Material for the task
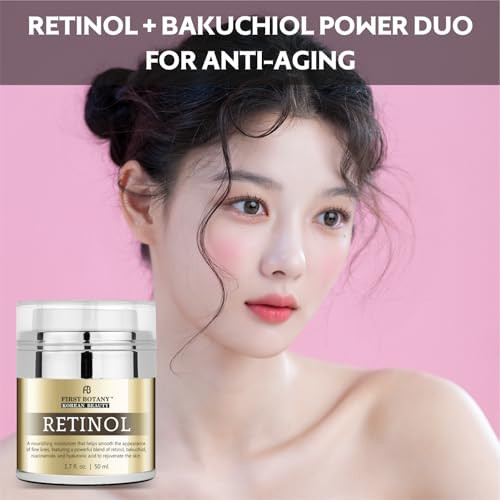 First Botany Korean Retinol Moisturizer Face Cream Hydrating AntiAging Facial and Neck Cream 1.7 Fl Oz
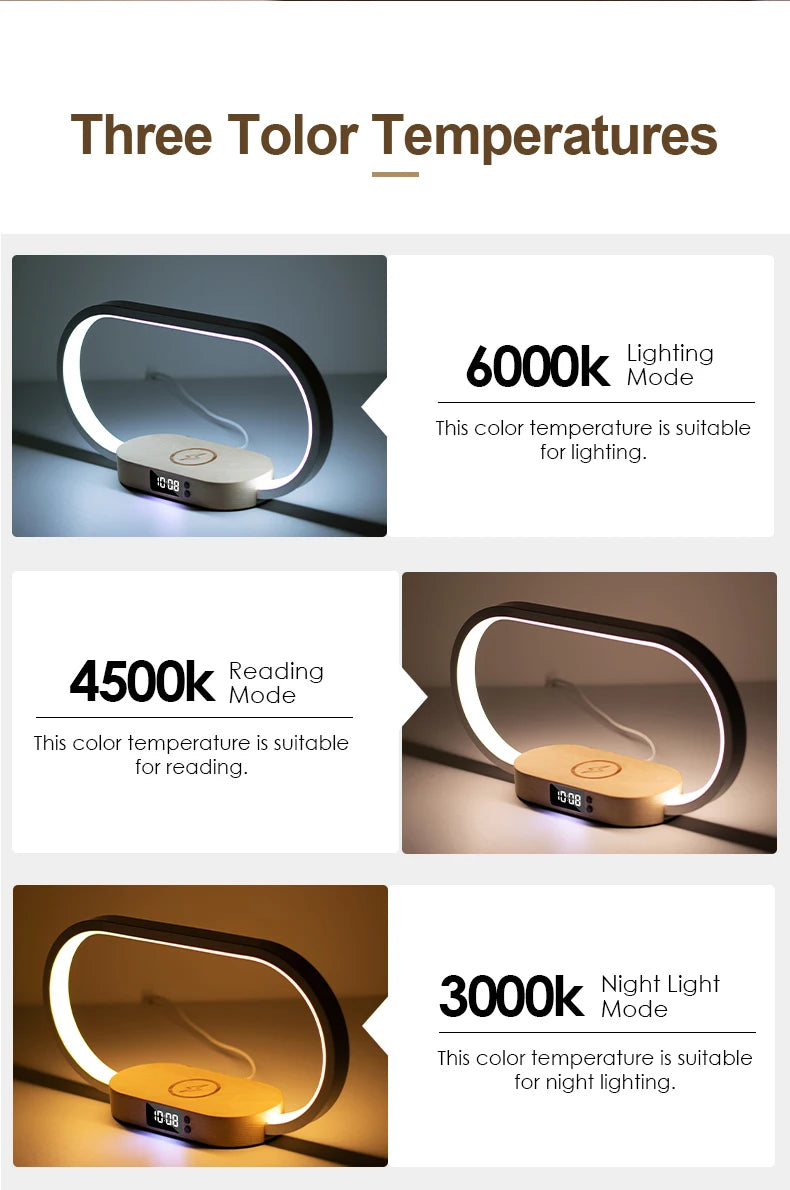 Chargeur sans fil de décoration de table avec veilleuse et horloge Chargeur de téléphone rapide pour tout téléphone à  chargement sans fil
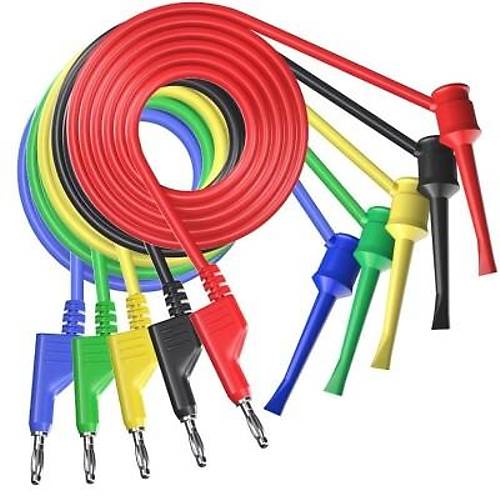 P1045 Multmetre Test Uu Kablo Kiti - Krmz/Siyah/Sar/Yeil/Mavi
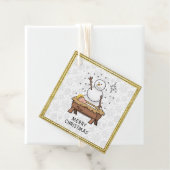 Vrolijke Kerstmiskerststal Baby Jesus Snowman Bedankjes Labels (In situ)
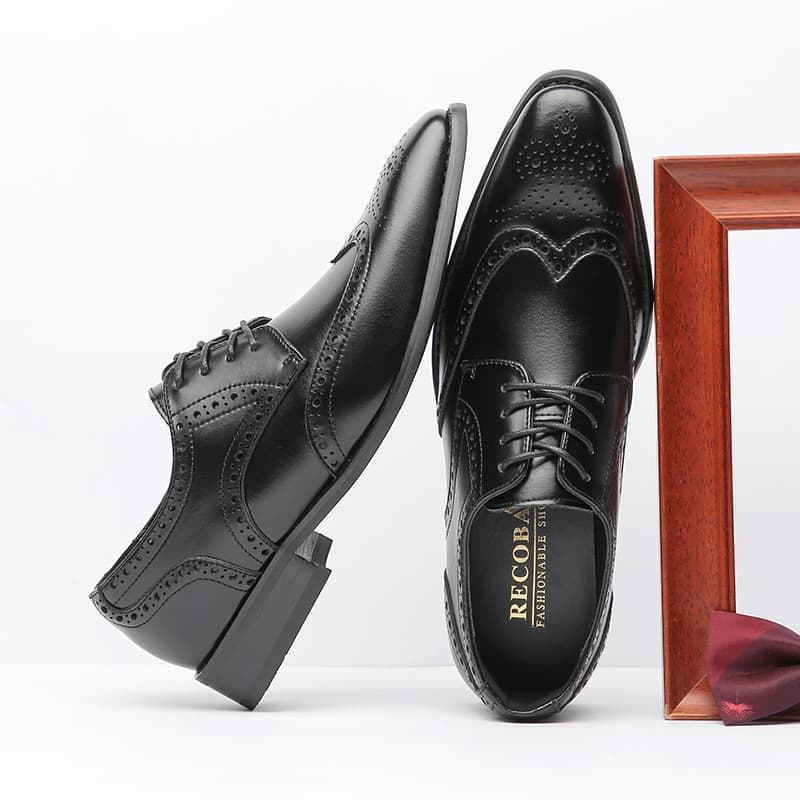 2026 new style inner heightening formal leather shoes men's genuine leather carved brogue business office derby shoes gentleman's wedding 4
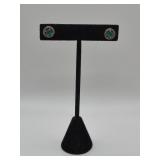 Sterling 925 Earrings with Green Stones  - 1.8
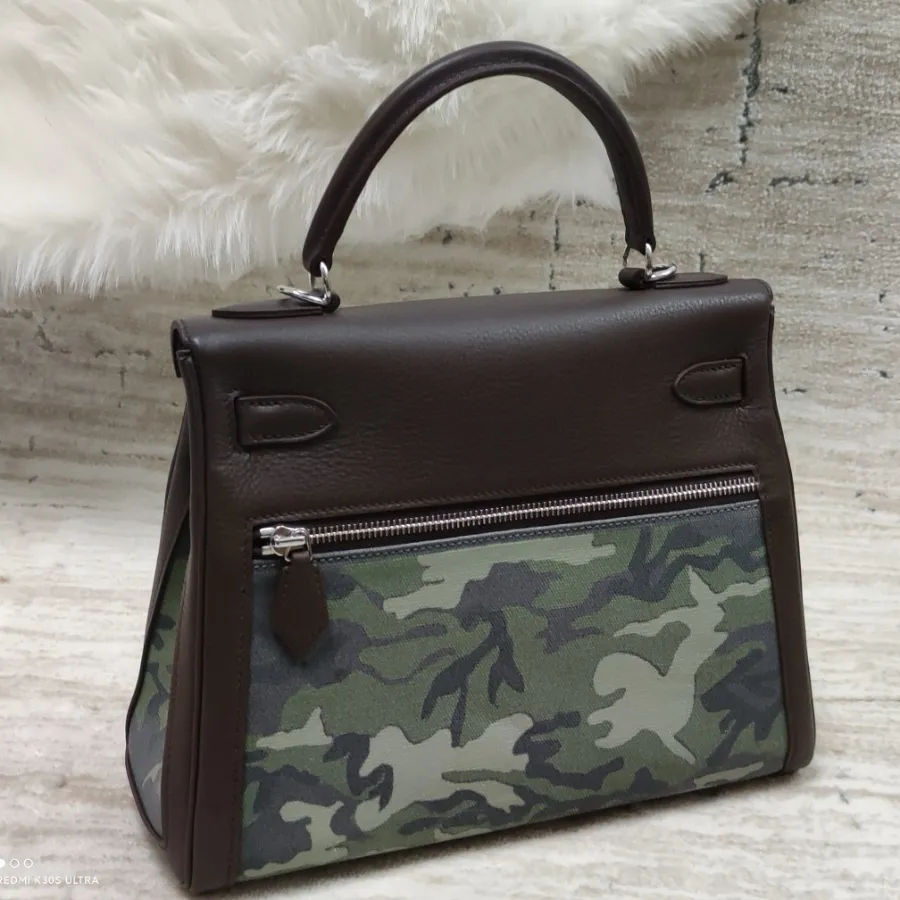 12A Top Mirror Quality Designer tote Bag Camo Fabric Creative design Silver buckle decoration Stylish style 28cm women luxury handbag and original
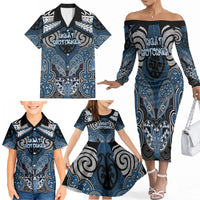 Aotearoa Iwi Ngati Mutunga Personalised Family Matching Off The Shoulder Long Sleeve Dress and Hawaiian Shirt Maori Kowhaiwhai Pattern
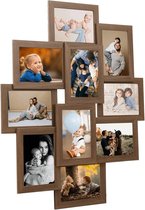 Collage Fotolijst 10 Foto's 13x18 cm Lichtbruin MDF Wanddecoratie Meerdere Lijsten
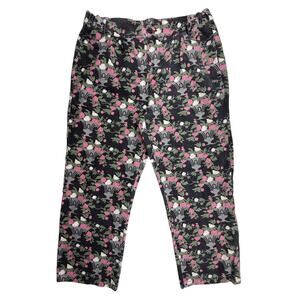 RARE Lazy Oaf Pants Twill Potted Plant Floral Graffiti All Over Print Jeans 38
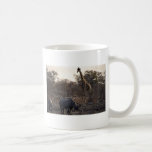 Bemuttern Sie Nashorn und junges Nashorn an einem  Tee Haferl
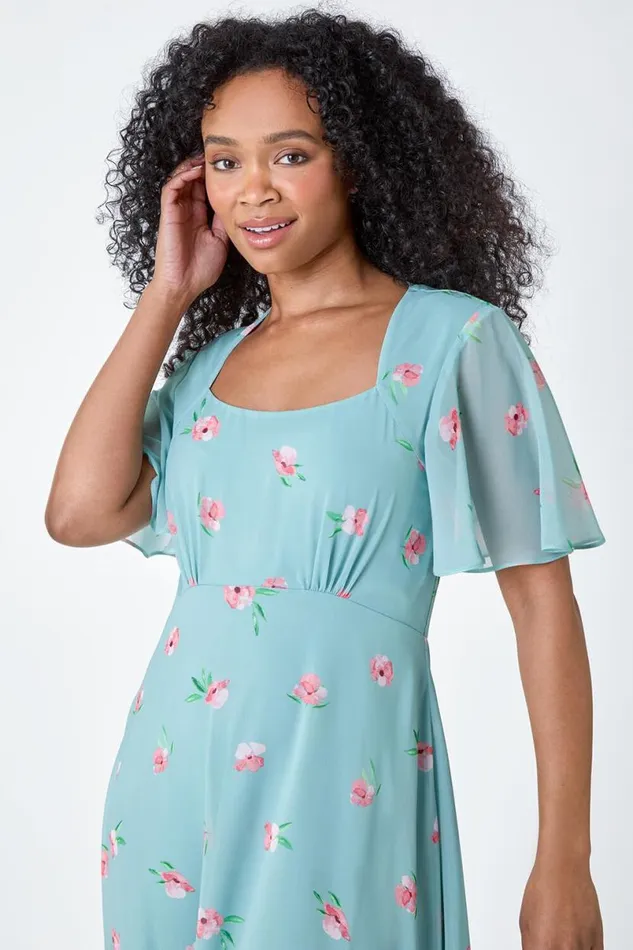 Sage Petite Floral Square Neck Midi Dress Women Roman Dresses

What the exercise asks
Could you set down, exactly as written, every line from the one with "Bemuttern Sie Nashorn" to the end of the data, both ends included? Leave out the pictures.

Output of the task
 Bemuttern Sie Nashorn und junges Nashorn an einem  Tee Haferl
 Sage Petite Floral Square Neck Midi Dress Women Roman Dresses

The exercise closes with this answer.